The Bukharians had the momentum, but the old-timers still had the power. Somehow, some way, they had to stop the teardowns. Some made noise of a historic district, but let’s be honest—it was a stretch to call Cord Meyer “historic,” no matter how many people made it a repository for their hopes and dreams. Finally the politicians came up with an idea so simple, it must have taken years to conjure up: They rezoned the area to favor homes smaller in footprint and height, with an actual yard, grass and all, required by law. It was a big, bold step that no Cord Meyer lifer could fail to admire. But was it too late?
Conventional wisdom said yes — the area was too far gone, the towering McMansions, now grandfathered into a city-mandated low-key neighborhood, forever scarring what was once a valuable slice of Americana, Queens-style. “Cord Meyer Area is a Lost Cause,” blared one representative subject line on my Queens Central forum. And when those zoning regulations got passed, I found it hard to get excited. Too little, too late, I thought — the city might as well have left the neighborhood to the bulldozers and paint-by-numbers architects, with their budgets so large and ideas so small.

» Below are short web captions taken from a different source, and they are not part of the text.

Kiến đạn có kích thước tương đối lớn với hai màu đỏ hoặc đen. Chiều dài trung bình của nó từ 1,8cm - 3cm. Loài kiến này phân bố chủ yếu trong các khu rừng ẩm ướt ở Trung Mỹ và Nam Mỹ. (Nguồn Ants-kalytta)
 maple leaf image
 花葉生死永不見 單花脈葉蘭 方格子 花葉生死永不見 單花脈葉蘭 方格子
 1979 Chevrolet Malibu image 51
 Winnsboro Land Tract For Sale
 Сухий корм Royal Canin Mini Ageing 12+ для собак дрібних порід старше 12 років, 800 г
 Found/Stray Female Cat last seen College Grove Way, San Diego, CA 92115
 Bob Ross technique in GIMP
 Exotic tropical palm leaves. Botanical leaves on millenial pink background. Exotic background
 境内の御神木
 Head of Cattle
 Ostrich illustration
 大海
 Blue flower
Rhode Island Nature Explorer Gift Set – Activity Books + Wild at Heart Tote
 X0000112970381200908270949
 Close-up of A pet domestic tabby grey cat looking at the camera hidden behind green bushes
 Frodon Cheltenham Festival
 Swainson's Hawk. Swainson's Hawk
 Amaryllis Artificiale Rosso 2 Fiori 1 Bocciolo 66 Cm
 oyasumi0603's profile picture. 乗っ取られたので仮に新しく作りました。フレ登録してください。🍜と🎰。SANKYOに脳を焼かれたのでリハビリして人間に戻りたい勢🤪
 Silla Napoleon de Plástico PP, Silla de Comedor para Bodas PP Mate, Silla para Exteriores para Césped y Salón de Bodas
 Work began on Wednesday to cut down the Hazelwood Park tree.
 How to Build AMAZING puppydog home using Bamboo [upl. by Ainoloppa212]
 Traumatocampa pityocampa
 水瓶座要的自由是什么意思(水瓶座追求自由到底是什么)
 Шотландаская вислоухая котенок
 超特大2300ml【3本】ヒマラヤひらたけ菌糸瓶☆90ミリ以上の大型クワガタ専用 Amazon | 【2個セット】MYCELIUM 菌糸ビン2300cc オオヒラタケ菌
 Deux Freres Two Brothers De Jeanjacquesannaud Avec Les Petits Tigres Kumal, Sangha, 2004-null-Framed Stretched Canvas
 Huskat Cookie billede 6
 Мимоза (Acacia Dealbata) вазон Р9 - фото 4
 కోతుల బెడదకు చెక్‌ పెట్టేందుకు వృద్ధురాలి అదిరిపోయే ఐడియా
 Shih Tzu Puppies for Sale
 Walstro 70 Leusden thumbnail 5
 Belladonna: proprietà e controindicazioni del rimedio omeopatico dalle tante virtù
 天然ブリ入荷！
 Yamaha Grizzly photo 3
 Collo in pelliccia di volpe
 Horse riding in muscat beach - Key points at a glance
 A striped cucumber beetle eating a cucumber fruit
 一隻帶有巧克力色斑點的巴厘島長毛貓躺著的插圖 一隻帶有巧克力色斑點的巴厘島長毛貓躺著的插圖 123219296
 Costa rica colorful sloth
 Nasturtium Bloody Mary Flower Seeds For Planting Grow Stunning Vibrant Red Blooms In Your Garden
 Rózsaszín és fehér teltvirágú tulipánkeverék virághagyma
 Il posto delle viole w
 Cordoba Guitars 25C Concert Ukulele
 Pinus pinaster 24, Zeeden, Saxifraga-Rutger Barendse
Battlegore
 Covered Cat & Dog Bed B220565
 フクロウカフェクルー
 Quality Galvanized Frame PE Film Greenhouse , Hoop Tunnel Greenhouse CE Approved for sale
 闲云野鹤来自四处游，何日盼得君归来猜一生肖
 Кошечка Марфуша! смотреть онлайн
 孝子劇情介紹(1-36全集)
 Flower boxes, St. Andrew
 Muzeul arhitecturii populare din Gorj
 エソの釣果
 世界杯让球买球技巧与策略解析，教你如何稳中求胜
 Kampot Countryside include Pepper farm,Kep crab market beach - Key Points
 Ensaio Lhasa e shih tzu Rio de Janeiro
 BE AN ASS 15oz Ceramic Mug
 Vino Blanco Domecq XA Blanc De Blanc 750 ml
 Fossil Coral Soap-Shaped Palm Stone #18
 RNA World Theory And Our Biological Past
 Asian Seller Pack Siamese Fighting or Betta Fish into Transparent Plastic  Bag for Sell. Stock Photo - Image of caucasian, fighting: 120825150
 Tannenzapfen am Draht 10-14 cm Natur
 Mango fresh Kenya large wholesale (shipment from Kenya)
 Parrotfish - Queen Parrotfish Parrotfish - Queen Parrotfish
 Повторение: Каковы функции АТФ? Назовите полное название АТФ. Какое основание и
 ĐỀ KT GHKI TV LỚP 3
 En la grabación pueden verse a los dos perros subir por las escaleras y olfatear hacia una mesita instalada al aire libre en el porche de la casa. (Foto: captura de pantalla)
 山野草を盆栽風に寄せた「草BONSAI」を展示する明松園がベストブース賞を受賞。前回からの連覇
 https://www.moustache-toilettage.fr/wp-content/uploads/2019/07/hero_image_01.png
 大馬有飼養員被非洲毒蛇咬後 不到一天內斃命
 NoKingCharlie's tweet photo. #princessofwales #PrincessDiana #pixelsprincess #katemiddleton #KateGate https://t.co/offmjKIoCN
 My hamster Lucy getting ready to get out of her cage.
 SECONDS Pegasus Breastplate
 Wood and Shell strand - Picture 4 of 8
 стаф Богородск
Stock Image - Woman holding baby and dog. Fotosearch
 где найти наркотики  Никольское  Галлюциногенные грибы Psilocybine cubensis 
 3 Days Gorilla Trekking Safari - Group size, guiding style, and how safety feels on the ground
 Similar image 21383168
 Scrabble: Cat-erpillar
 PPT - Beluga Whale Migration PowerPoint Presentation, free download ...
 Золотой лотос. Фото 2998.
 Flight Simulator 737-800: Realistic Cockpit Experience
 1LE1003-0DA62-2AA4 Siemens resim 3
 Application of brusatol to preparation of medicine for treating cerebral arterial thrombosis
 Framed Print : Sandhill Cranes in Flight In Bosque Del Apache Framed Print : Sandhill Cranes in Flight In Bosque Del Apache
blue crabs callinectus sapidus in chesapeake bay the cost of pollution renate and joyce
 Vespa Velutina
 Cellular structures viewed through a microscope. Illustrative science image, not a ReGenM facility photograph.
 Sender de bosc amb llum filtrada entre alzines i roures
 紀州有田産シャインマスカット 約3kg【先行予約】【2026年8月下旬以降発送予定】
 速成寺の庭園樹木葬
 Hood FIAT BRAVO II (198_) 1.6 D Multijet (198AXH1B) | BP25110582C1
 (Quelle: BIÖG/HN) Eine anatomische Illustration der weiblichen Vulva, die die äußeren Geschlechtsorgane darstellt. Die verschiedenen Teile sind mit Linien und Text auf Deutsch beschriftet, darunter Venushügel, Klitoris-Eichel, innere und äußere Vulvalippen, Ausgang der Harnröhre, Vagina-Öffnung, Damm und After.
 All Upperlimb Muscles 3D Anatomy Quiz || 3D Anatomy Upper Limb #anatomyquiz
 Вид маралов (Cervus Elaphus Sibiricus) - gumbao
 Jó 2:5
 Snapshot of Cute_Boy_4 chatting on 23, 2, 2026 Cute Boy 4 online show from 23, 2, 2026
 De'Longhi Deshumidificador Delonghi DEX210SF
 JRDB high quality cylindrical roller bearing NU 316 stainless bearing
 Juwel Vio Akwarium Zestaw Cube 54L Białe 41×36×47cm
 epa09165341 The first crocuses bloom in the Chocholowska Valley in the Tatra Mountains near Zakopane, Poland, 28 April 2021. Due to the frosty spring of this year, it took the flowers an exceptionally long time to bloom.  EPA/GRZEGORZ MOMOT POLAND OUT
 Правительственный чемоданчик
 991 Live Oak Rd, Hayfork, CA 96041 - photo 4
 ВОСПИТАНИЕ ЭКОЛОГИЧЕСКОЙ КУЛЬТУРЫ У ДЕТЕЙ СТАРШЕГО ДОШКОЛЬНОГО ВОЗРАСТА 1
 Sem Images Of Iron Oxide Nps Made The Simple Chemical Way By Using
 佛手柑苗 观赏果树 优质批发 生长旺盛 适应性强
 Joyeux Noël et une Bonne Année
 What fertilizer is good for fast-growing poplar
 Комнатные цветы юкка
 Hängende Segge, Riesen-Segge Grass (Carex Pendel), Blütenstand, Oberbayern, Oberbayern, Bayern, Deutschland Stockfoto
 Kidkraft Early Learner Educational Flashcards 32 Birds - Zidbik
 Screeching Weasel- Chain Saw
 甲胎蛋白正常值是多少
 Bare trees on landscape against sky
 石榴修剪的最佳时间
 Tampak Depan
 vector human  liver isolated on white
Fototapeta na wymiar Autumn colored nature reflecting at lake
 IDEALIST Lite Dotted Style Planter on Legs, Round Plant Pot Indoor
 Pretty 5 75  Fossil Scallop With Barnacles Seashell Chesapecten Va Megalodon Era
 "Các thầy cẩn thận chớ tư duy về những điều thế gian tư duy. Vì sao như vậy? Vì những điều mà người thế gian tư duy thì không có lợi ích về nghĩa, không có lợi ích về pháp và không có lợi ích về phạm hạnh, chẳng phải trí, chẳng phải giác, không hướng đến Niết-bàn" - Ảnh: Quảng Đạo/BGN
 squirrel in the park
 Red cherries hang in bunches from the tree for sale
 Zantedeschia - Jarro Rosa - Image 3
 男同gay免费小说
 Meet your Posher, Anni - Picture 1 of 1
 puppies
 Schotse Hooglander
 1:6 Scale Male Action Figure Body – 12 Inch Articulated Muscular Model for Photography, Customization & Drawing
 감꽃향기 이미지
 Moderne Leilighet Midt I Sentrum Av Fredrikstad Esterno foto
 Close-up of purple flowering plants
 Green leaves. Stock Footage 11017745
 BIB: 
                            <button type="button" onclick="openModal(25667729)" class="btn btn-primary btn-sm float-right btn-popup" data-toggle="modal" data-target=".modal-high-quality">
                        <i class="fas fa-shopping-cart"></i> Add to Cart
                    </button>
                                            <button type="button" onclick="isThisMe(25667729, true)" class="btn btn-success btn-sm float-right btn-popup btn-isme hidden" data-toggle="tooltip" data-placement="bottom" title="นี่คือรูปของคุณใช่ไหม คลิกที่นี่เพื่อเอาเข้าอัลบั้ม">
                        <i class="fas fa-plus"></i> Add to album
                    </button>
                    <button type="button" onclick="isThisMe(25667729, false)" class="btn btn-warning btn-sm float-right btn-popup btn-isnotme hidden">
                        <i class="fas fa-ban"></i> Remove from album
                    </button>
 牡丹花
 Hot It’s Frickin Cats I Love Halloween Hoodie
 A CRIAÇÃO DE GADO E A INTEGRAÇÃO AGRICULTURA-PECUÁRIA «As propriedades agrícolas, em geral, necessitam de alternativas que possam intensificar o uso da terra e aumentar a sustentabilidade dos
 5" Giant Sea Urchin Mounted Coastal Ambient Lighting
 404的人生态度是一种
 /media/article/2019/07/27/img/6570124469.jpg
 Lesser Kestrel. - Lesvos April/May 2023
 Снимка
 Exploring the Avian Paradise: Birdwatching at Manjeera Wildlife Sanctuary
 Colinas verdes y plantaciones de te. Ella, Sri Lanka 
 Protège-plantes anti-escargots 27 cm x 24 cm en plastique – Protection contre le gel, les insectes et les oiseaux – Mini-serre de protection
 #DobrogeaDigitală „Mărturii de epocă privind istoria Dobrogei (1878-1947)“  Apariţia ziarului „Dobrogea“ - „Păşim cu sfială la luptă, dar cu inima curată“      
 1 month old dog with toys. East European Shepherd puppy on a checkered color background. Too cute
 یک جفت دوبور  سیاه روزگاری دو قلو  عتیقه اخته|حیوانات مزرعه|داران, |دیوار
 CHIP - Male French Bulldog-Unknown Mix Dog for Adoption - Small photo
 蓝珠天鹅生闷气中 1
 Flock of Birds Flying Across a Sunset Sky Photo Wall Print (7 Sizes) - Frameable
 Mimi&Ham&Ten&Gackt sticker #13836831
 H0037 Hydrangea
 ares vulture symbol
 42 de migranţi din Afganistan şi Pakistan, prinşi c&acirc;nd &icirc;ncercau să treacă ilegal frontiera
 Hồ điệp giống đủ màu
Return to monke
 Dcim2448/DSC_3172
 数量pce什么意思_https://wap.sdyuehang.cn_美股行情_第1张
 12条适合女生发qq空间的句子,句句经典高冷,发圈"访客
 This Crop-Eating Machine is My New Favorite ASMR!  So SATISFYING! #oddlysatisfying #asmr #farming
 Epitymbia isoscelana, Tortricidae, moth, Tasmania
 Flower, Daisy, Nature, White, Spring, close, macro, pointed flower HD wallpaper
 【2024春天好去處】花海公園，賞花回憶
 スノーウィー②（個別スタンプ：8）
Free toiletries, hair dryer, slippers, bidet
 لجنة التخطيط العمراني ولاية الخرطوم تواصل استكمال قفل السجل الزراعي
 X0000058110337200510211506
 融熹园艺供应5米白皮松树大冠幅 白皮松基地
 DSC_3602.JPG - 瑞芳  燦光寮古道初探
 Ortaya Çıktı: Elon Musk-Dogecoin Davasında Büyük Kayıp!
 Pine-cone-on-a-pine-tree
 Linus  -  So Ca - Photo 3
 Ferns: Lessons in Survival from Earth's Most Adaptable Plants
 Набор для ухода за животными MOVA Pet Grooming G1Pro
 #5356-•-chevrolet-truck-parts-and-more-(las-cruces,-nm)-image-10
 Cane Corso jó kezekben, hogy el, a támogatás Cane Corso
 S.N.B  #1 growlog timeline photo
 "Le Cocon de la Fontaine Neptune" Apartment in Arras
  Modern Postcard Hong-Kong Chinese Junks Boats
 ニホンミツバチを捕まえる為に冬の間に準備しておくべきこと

But I took a long walk around Cord Meyer recently. You know what? It’s still beautiful. It’s still charming. And maybe, just maybe, now that their era is past, the big, ugly palaces add a layer to the neighborhood that make it more interesting and unique. Now that the McMansions are no longer Cord Meyer’s future, they’ve become more a part of its past and present. They remind us of the neighborhood’s history and the heated battles they inspired. What I found on my walk was that I love the area as much as ever—and if I don’t love the new construction, at least I don’t hate it anymore. Somehow, it fits.
Cord Meyer, the old Cord Meyer, was never going to be a historic district. Neither was the Cord Meyer of the newcomers’ dreams, the Cord Meyer that never was. But what we accidentally got, this fascinating blend of old and new, the awkward collision of two generations aspiring to find their American dream? One day, we might see that as history.